*** Opening Given records ***
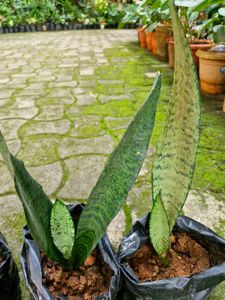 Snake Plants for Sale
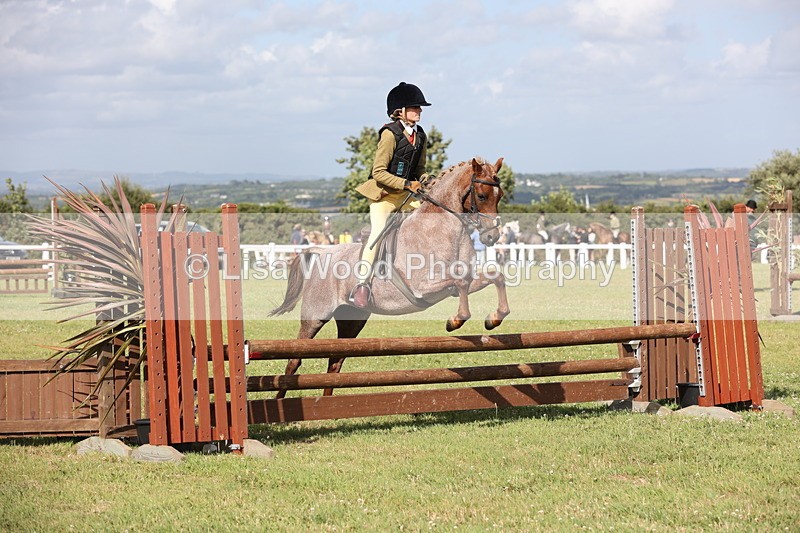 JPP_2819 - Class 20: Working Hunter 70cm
*** Closing Given records ***
*** Opening Given records ***
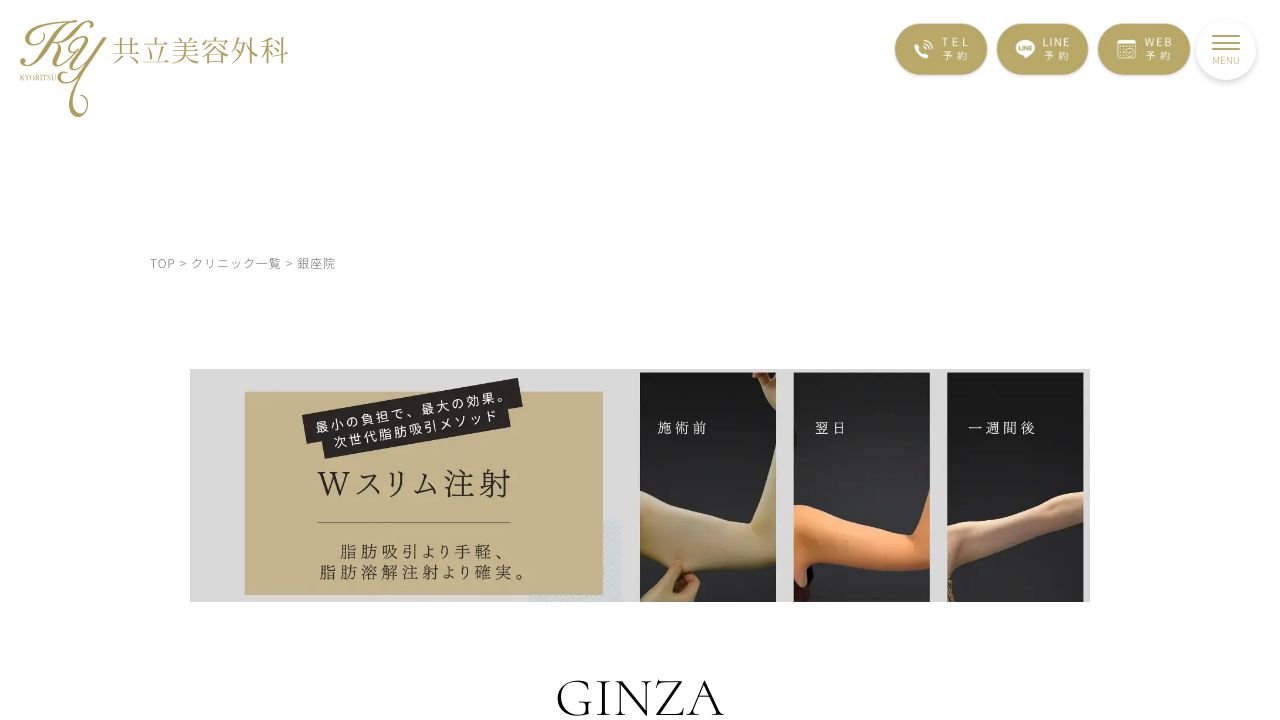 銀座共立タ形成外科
*** Closing Given records ***
Action item =
Using the listing above, restate exactly the range between the lines holding "Snake Plants for Sale" and "JPP_2819 - Class 20: Working Hunter 70cm", inclusive, with pictures left out.

Written response =
 Snake Plants for Sale
 JPP_2819 - Class 20: Working Hunter 70cm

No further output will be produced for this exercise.